What is "connected trust business"?

"Connected trust business" is trust business where the contributors of funds to the trusts are all "connected persons" in relation to each other. The term "connected person" is then defined within the Regulations. The Regulations broadly look at degree of family connection, and connections via groups of companies. We are able to advise, in any given situation, as to whether the trusts would be connected for the purpose of the Regulations.

The Benefits of Using a PTC

Amongst the benefits of using a PTC as trustee are:

  • Confidentiality can be maintained by using a PTC, rather than a large and highly regulated international financial institution as trustee.
  • PTCs allow trusteeships to be harmonised among a group of trusts (even those governed by different laws).
  • PTCs facilitate the direct involvement of family members (and trusted advisors) in the decision making processes.
  • Succession issues are reduced by structuring for the owner of the PTC to be a STAR Trust.
  • PTCs can be set up quickly and at much lower cost that establishing a Trust Company with Restricted Trust Licence.

Ownership of the PTC - Using STAR Trusts

Additional benefits arise when a PTC is utilised in a structure along with another Cayman Islands innovation, the STAR Trust. A STAR Trust is a trust which is established for the benefit of persons, purposes or both. It is not limited by a perpetuity period (and so can effectively continue indefinitely). The rights of enforcement of a STAR Trust are granted to, or reserved by, an Enforcer.

STAR Trusts were introduced into Cayman Islands Law under the Special Trusts (Alternative Regime) Law 1997, which is now found within Part VIII of the Trusts Law. One of the major innovations of the STAR Law was the departure from the notion of the beneficiaries of a trust having "beneficial ownership" of the trust assets.

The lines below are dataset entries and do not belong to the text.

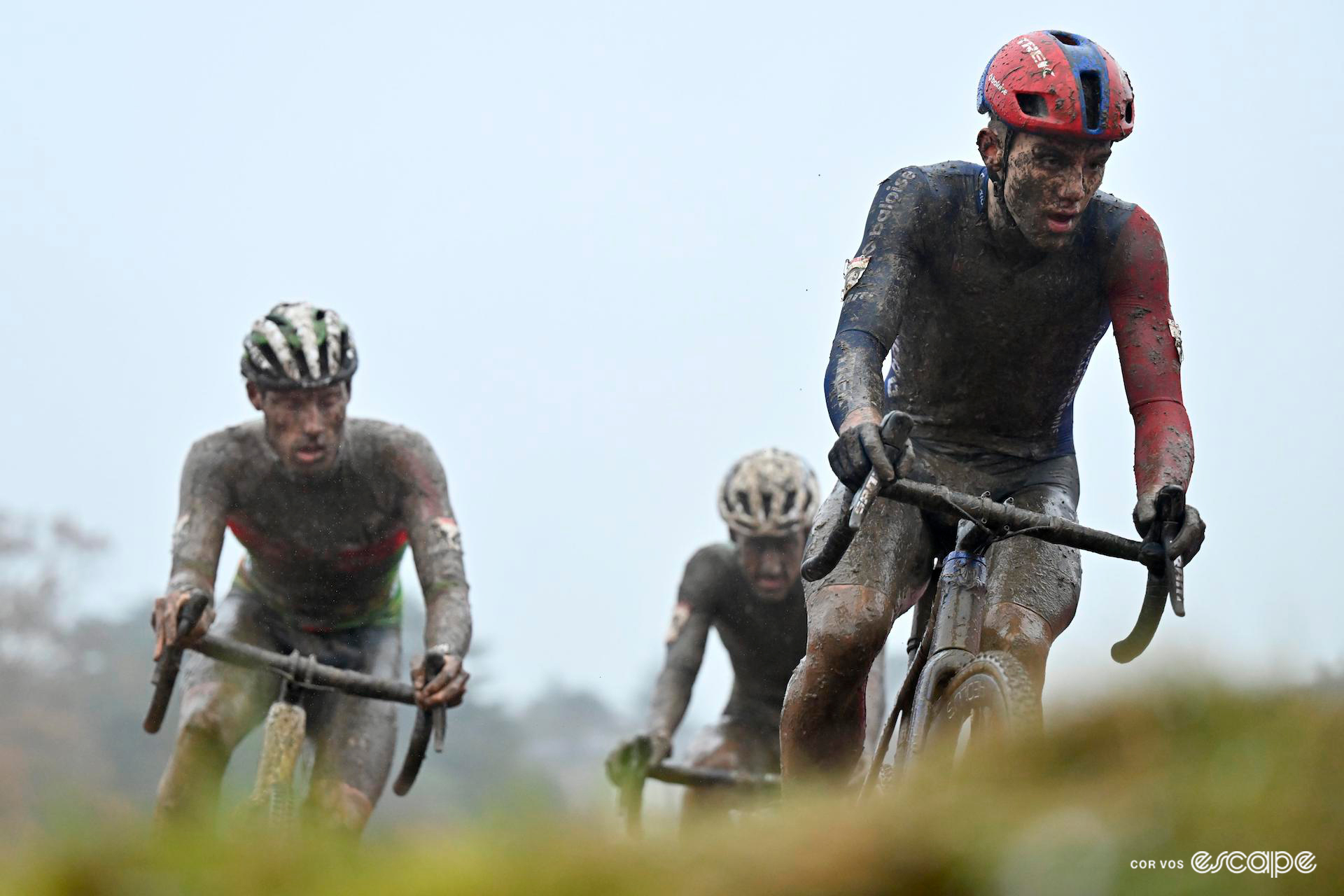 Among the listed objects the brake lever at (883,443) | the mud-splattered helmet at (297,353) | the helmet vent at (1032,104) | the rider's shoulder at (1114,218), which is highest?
the helmet vent at (1032,104)

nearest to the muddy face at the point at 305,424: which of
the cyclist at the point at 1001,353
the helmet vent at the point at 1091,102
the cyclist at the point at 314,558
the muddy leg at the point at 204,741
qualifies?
the cyclist at the point at 314,558

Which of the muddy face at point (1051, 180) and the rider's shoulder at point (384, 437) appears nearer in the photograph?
the muddy face at point (1051, 180)

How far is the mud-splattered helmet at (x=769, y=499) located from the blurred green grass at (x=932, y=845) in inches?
311

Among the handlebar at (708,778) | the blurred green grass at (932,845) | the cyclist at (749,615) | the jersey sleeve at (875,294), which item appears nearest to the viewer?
the blurred green grass at (932,845)

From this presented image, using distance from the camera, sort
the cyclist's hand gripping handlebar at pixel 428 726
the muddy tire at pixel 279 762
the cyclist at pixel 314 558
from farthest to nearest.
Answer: the cyclist at pixel 314 558
the cyclist's hand gripping handlebar at pixel 428 726
the muddy tire at pixel 279 762

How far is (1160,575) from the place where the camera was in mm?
6211

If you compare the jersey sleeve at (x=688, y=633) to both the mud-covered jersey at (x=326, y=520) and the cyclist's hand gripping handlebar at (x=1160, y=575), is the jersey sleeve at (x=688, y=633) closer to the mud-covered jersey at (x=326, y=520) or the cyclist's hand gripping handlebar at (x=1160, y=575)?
the mud-covered jersey at (x=326, y=520)

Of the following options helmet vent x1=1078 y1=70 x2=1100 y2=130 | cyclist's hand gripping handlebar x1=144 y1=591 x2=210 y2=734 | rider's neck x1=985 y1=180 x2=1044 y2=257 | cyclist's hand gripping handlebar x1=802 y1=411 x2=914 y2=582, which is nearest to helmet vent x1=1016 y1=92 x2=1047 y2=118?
helmet vent x1=1078 y1=70 x2=1100 y2=130

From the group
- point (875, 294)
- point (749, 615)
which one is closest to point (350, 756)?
point (875, 294)

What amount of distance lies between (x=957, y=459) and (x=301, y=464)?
3623 millimetres

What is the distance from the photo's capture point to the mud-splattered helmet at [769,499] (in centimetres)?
1255

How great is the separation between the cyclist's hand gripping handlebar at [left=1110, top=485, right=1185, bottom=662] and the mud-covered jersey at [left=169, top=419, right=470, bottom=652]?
377cm

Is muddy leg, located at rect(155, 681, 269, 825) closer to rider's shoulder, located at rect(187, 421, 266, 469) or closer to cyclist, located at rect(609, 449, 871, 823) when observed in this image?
rider's shoulder, located at rect(187, 421, 266, 469)

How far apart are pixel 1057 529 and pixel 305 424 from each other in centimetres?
447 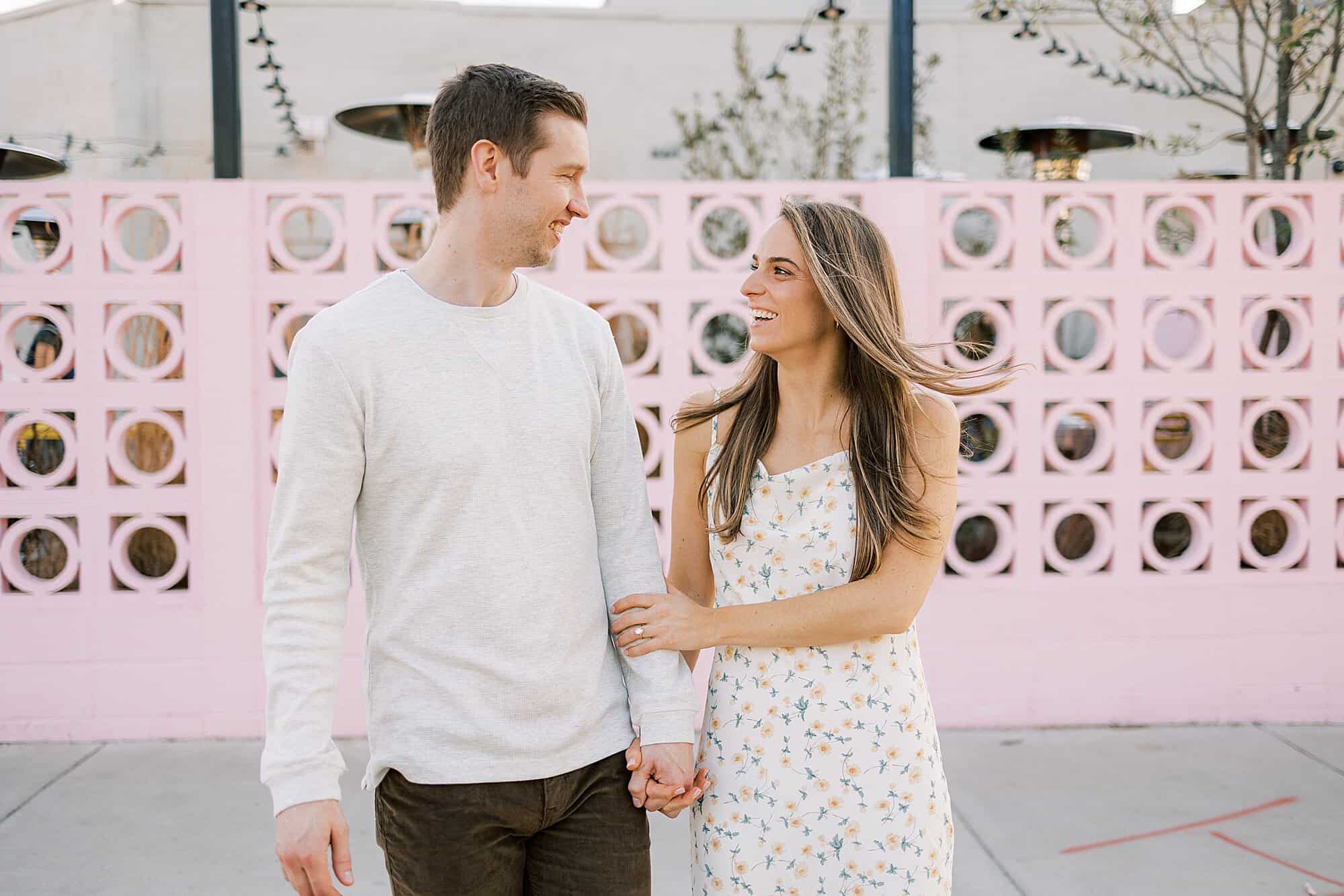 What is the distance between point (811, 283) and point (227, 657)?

By using a STAR Trust to hold the shares in a PTC it is possible to create a corporate trustee whose shares are not in the beneficial ownership of any person. The STAR Trust's purpose is then to hold the shares in the PTC and to facilitate the PTC acting as trustee on a trust or trusts, in compliance with the Regulations.

Utilisation of the PTC / STAR structure avoids the problems of ownership of the PTC, particularly in the event of deaths occurring within a family. Without this structure, if the owner of shares in a PTC dies, the shares in the PTC form part of that person's estate and will pass according to the provisions of his or her will. This may lead to unfortunate results and can be the cause of trust disputes and litigation.